She is a sweetheard doing wonderfully. She & Pij have become 'best buddies'.  

Cindy


----------



## Maggie-NC (Jun 22, 2005)

Happy Birthday to Rae Charles.  

Cindy, all your birds are just wonderful but I know that Rae Charles is extra special to you. 

Maggie


----------



## Skyeking (Jan 17, 2003)

Happy Birthday Rae Charles!

You are such a special bird, I bet you had a wonderful day with your very special and wonderful family.


----------



## Feefo (Feb 8, 2002)

Rae Charles is indeed a very special and a very lucky pigeons!

I would love to hear more about her relationshop with Pij!

Cynthia


----------



## Pidgey (May 20, 2005)

Happy Adoption Day, Rae! 

Cindy,

From one blind pigeon keeper to another, it's wonderful that Rae has you.

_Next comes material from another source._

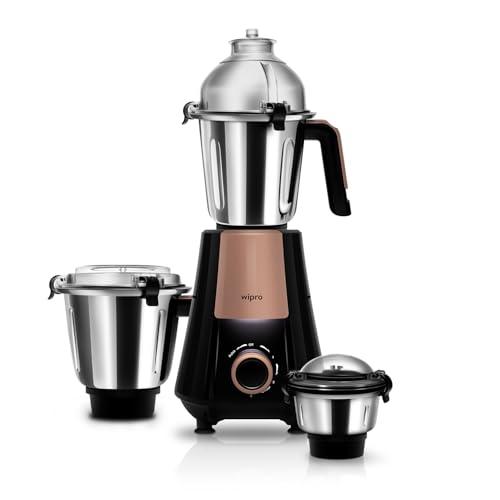 Wipro Elato Divine FMG 214 800 Watt Mixer Grinder with 3 Jars, Heavy Duty 100% Copper Ball Bearing Motor with 5 Year Warranty,Superfast Grinding, Clip Lids - Hands Free use,3 Jars Mixer Grinder, Black - wipro Kitchen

Anything that you can do to brighten such a dark world is truly a gift that blesses both the giver and the recipient.

Pidgey

P.S. And it especially warms my heart to know that anyone who seeks to do harm to that bird will receive a "Special" (as in .38) gift to warm his or her heart as well!


----------



## Whitefeather (Sep 2, 2002)

Lady Tarheel said:


> Happy Birthday to Rae Charles.
> 
> Cindy, *all your birds are just wonderful but I know that Rae Charles is extra special to you.*
> 
> Maggie


Thanks Maggie, Treesa & Cynthia.

Although all our pijjies are precious & priceless to us, I must admit, Rae Charles as well as Pij are extremely special to me.  


*"I would love to hear more about her relationshop with Pij!"*
They definitely do have a special Bond Cynthia. I will post more about them.

Cindy


----------



## Whitefeather (Sep 2, 2002)

Pidgey said:


> * *Happy Adoption Day, Rae!*
> 
> Cindy,
> 
> ...


* Thank you Pidgey.  

** Yes indeed.

*** You got that right.

Cindy


----------



## andinla (Mar 11, 2003)

*Happy Birthday*

Rae Charles. What a lucky pigeon to have you as a friend.  

Andi


----------



## dekebrent (Jun 17, 2005)

Happy birthday to Rae Charles. What a cute and special little lady!


----------



## John_D (Jan 24, 2002)

Cindy,

You too are special! You have given Rae Charles a new lease of life.

Many of 'em, little bird 

John


----------



## Lin Hansen (Jan 9, 2004)

Happy Anniversary to the beginning of a wonderful new life for Rae Charles and best wishes for many, many more anniverseries.

Linda


----------



## Victor (Dec 18, 2004)

Yes indeed my best wishes to Rae Charles (and caregivers too!)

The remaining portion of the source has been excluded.